Jour 2 - 9 octobre 2009 - P’tit train du Nord - Route verte #2 - Laurentides - Québec

Du km 182,5 au km 156 (abri sur lac)

A 23h50, alors que je dormais bien au chaud dans le duvet, je suis réveillé par les premiers crépitements d’une averse. Le double-toit répercute les salves de pluie, tout en laissant passer l’eau par quelques gouttières malencontreuses.
Réveil à 7h00 et départ à 8h00 sous cette pluie fine et persistante qui par intermittence durera jusqu’au soir. 8°C au petit matin. A quelques centaines de mètres de là, une petite bestiole mange de l’herbe en bordure de piste. Gros comme une marmotte, cette boule de poils pas farouche a une queue fine de 20 cm de long. On dirait un ragondin ?


A un kilomètre de mon lieu de bivouac (km 181,5) se trouve l’un de ces nombreux abris en forme de wagon, doté d’un toit. A un kilomètre près, hier soir je dormais au sec ! Vu la météo pas fameuse et la tente détrempée par la nuit, je vais tenter de trouver un autre de ces wagons de bois pour la nuit. Il aura pour principale mission de me tenir au sec durant la nuit. Nous sommes le 9 octobre et même si l’altitude est marginale, la pluie pénétrante conjugée à des températures automnales impose quelques précautions de base. Ces abris sont théoriquement indiqués sur les cartes de panneaux d’interprétation qui jalonnent la piste du « P’tit train du Nord ». Pas tout à fait des cabanes car ouvertes aux quatre vents, mais des abris de fortune que l’on est très heureux de trouver par temps de pluie. Et aujourd’hui justement, il pleut ! Après 1h43 de marche, pose à l’abri de Guénette. Le petit hameau est à deux pas.

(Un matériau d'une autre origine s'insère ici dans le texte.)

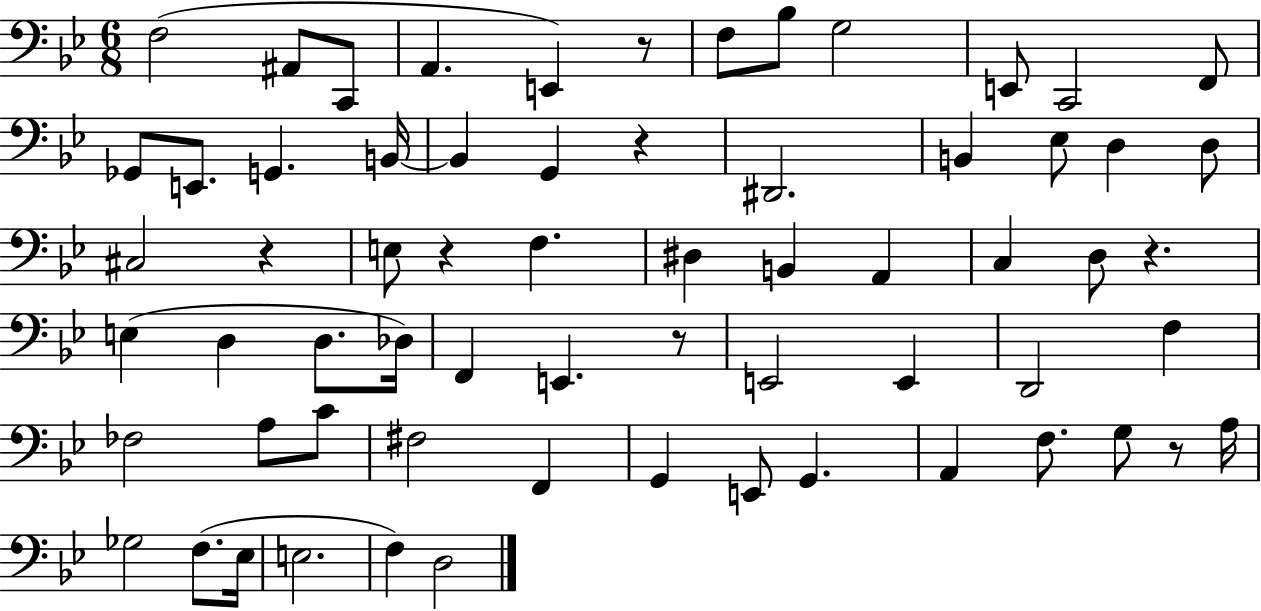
X:1
T:Untitled
M:6/8
L:1/4
K:Bb
F,2 ^A,,/2 C,,/2 A,, E,, z/2 F,/2 _B,/2 G,2 E,,/2 C,,2 F,,/2 _G,,/2 E,,/2 G,, B,,/4 B,, G,, z ^D,,2 B,, _E,/2 D, D,/2 ^C,2 z E,/2 z F, ^D, B,, A,, C, D,/2 z E, D, D,/2 _D,/4 F,, E,, z/2 E,,2 E,, D,,2 F, _F,2 A,/2 C/2 ^F,2 F,, G,, E,,/2 G,, A,, F,/2 G,/2 z/2 A,/4 _G,2 F,/2 _E,/4 E,2 F, D,2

Quelques maisons disparates alignées le long d’une petite route que personne ne doit utiliser souvent. Une clairieière, les maisons sont posées dedans, tout autour la forêt dense. De quoi vivent les gens d’ici ? Plus loin voici le panorama décrit dans le guide : la vue s’étend en effet dans la clairière en contrebas, où un marigot serpente, cerné au loin par la forêt. Ce sont les carrières de granite, comme l’indique le panneau explicatif.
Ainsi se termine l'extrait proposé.